Data that are not sampled from a finite population

Sometimes data are actually sampled from a real finite population. For example, a public opinion poll may select individuals from the population of all residents in a city. The previous section showed that:

Random sampling of values from a finite population can explain the sample-to-sample variability of some data.

However there is no real finite population underlying most data sets from which the values can be treated as being sampled. The randomness in such data must be explained in a different way.

Silkworm poisoning

In an investigation of the speed of the toxic action of arsenic on silkworm larvae, 80 fourth-instar silkworm larvae weighing between 0.41 and 0.45 grams were given 0.10 mg of sodium arsenate per gram of body weight. Their survival times in seconds are given below.

Survival of poisoned silkworm larvae (seconds)
270
254
293
244
293
261
285
330
284
274
307
235
215
292
309
267
275
298
241
254
256
275
226
287
280
339
294
298
283
366
300
310
280
240
291
286
230
285
218
279
280
286
345
289
210
282
260
228
243
259
285
275
280
296
283
248
314
258
215
299
240
241
236
255
267
271
253
271
233
260
273
233
271
267
258
319
310
302
260
251

There is no real finite population from which the survival times can be considered to be sampled. However there is variability within this data set and repeating the experiment would have resulted in a different set of survival times.

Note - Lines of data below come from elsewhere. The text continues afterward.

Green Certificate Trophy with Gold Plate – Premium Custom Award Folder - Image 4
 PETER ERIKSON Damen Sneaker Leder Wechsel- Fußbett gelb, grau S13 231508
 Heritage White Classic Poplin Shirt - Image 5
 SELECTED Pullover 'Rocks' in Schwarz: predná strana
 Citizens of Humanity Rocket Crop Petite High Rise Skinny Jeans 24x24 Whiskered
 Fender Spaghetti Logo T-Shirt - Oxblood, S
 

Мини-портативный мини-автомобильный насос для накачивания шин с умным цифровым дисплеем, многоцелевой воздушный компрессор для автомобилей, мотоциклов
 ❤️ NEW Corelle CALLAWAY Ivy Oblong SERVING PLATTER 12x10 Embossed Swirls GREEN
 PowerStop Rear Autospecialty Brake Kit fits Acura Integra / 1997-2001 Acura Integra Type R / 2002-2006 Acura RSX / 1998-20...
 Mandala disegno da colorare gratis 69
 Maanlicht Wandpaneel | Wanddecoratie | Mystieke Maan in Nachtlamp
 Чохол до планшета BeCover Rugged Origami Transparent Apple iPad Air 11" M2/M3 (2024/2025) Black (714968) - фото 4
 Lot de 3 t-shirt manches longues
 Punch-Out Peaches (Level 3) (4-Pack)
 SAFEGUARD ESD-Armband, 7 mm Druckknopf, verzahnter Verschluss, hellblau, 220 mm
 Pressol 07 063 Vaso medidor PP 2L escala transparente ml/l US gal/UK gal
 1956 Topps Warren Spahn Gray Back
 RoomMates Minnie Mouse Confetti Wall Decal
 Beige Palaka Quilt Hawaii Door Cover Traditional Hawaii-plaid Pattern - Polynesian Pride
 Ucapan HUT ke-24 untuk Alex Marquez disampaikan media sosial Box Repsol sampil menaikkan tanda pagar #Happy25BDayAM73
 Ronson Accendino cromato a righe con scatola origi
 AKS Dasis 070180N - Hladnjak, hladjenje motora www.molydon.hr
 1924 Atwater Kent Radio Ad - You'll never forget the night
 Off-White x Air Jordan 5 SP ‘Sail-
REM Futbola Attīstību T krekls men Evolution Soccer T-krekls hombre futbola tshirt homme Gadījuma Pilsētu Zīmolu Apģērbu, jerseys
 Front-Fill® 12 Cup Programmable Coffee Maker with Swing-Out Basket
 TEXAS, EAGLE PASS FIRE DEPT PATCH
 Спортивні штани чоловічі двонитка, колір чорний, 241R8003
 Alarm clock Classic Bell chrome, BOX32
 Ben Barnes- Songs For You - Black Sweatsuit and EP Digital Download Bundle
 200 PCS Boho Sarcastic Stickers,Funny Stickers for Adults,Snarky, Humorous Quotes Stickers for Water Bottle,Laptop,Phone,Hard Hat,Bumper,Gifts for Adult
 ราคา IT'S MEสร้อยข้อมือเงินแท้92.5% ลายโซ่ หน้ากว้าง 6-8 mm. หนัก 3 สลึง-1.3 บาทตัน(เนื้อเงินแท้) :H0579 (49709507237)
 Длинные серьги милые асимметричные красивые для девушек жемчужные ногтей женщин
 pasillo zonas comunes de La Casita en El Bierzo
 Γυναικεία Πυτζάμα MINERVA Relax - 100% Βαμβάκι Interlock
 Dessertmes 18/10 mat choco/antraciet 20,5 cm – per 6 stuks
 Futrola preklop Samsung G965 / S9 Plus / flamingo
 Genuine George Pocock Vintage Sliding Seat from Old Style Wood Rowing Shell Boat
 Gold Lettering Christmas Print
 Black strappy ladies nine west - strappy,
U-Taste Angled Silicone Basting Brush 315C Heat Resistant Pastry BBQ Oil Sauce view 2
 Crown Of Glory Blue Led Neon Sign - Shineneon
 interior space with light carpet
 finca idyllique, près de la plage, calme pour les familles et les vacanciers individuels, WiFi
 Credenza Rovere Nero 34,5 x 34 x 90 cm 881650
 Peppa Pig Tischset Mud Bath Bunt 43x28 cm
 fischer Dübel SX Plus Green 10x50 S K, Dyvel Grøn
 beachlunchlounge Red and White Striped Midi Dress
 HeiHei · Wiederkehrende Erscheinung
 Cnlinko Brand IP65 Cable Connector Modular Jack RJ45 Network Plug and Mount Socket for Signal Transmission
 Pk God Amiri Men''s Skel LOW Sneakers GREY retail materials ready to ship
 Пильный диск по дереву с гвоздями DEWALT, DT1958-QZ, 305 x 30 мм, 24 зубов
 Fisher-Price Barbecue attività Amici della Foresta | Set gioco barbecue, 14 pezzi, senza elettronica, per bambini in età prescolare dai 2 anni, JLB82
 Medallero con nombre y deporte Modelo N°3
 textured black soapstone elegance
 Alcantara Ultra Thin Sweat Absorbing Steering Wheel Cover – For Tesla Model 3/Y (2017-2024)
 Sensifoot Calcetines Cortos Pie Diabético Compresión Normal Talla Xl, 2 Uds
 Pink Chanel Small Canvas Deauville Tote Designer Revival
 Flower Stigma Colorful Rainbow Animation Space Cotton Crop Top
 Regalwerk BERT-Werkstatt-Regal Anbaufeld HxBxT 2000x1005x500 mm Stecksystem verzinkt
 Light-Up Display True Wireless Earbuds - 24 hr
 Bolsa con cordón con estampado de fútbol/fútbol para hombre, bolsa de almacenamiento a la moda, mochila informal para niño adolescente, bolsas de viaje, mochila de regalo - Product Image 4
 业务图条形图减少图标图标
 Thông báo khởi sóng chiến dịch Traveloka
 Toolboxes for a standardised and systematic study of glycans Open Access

Sampling from an abstract population

Random sampling from a population is such an intuitive way to explain sample-to-sample variability, we also use it to explain variability even when there is no real population from which the data were sampled.

We replace the real population that usually underlies survey data with an abstract population of all values that might have been obtained if the data collection had been repeated. We can then treat the observed data as a random sample from this abstract population.

The variation in the underlying abstract population gives us information about the variation in similar data in general.

Defining such an underlying population therefore not only explains sample-to-sample variability but also gives us a focus for generalising from our specific data.

Silkworm poisoning

It is convenient to model the variability in his data as being a sample from the infinite population of all possible measurements that could have been made from similar silkworm larvae. The variability in this hypothetical population reflects the variability in the survival times.

The distribution of survival times in the sample of poisoned silkworms provides information about the distribution of this underlying population — the distribution of survival times of silkworms given 0.10 mg of sodium arsenate per gram of body weight in general.